Hacer una evaluación de la política económica en curso y razonar con cierto grado de asertividad las decisiones del gobierno resulta hoy un ejercicio fatigoso, tanto por las circunstancias mundiales como por las características de los fracasos locales.
En el plano internacional, la pandemia, la crisis logística y la guerra en Ucrania marcan tres hitos recientes relevantes. Estos, y las medidas económicas y políticas tomadas por los países han provocado un clima de incertidumbre y de desasosiego a escala global. Asimismo, las tensiones en diversos planos ya existentes entre los Estados Unidos y China, y entre este último y los países vecinos, complementan un panorama global desalentador para inversores y analistas.
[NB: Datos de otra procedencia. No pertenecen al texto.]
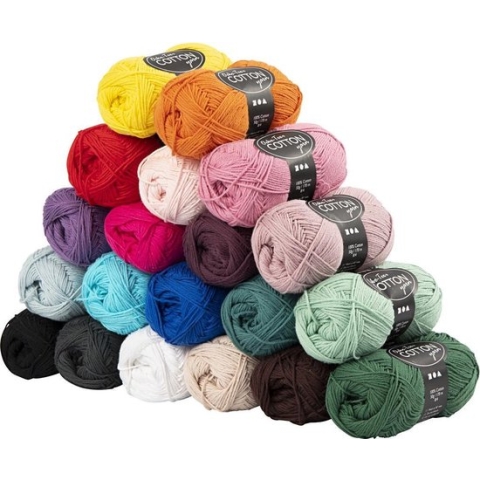 Katoengaren. afm 8/4. L: 170 m. Inhoud kan variëren . diverse kleuren. 20x50 gr/ 1 doos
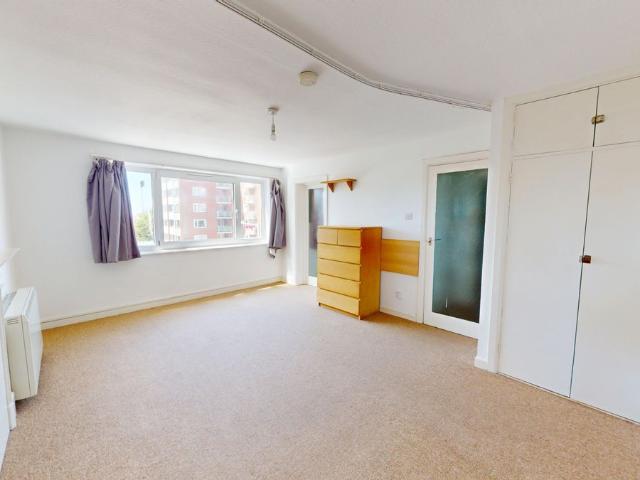 Studio for rent in Brunswick, Hove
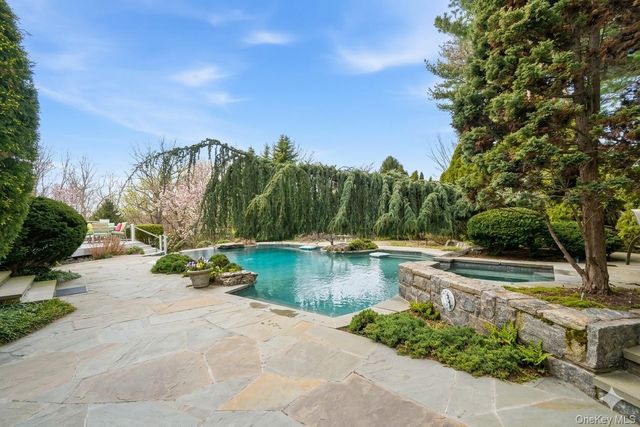 19 Cobblestone Court, Centerport, NY 11721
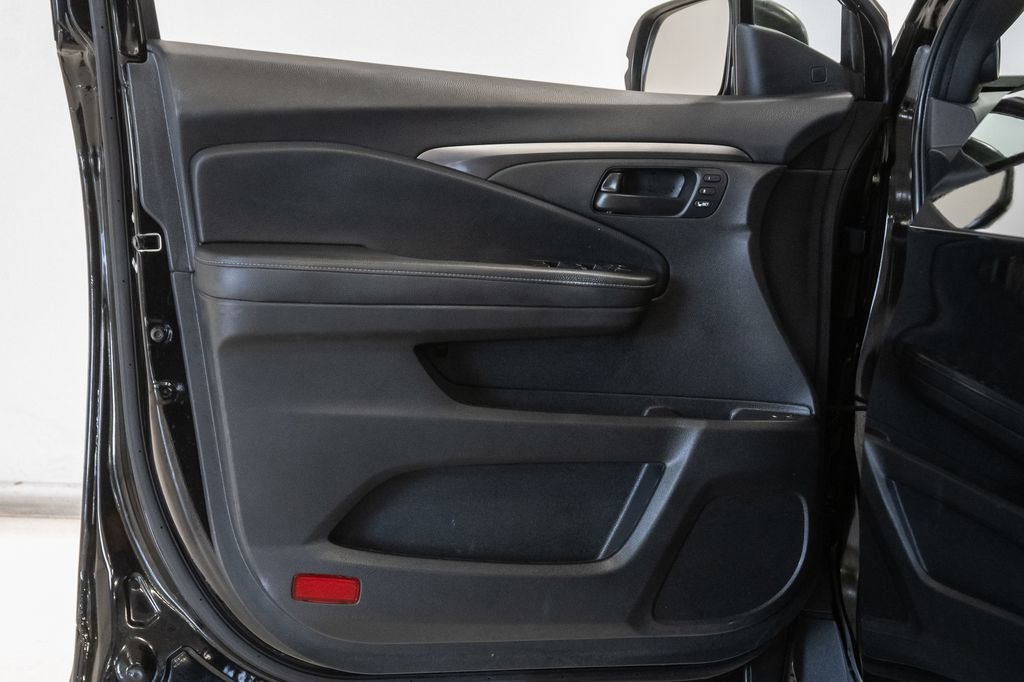 Used 2023 Honda Passport EX-L image 8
En el plano local, se están pagando en cómodas cuotas los errores de política macroeconómica iniciados en 2006. Estos pueden sintetizarse en políticas fiscales y monetarias expansivas en contextos de restricción de oferta y altos precios de los precios internacionales. Los complementan la lucha contra la inflación y pérdida de divisas mediante regulaciones ineficientes de los mercados y la incapacidad manifiesta de gestión del Estado en las áreas económicas críticas. Tanto la desconfianza en el país como las necesidades sociales son, en gran parte, resultado de aquellos errores.
En este complejo contexto transcurren las decisiones del gobierno argentino, en el que sobreabundan los desaciertos económicos. Ya marcaba el camino al fracaso que iniciar la gestión con la sola idea de resolver la cuestión de la deuda externa y el gradualismo.
Ahora bien, ¿por qué, si tal como se afirma, el país está “sobre diagnosticado”, fallan las políticas económicas de todos los gobiernos?
De los diagnósticos sobre la economía nacional, los lineamientos de política económica y los ensayos de justificación a posteriori, se pueden rescatar dos rasgos comunes. Por una parte, tienden a asignar responsabilidades a las condiciones internacionales, a cuestiones operativas nimias o al rol negativo de la oposición o de grupos de presión. Por otra, no indican el rol que juegan los enfoques dogmáticos adoptados enfrentados con la realidad económica y la evidencia empírica, los cuales, fuera de toda lógica, solo tendieron a radicalizarse y derivar en decisiones de política absurdas.
Por ello, sería un gran avance que la dirigencia política y sus asesores económicos abreven en el realismo para los diagnósticos y en el pragmatismo para el diseño, aplicación y ajuste de sus políticas. Estos son dos criterios fundamentales en la política económica porque se destina a agentes que deben tomar decisiones concretas sobre cosas reales, no teóricas, y en la Argentina, no en Australia o Colombia.
En ese marco, las preguntas que sobrevuelan hoy el país y los centros de poder internacional son si el gobierno ha girado hacia este tipo de enfoque, como lo indican algunos analistas, y si el próximo gobierno lo sostendrá, más allá de los cambios de política que realice.
Sobre el primero, más por las notables restricciones económicas que enfrenta que por convicción, se observa cierto giro al realismo y al pragmatismo, pero siempre cuestionado y frágil. En cuanto al próximo, no se lo puede evaluar razonablemente, debido a su diversidad, falta de consistencia interna de cada frente, y los antecedentes poco positivos que varios de sus dirigentes y economistas tienen al respecto.
¿Cuál es el riesgo que corremos? Que, si no se erradica el vicio de sindicar al mundo o a los opositores de los problemas del país, o se cae en algún tipo de dogmatismo económico desconectado de la realidad local y de las razonables posibilidades económicas y sociales, los argentinos no recuperarán la confianza y el desarrollo sostenible seguirá siendo una quimera.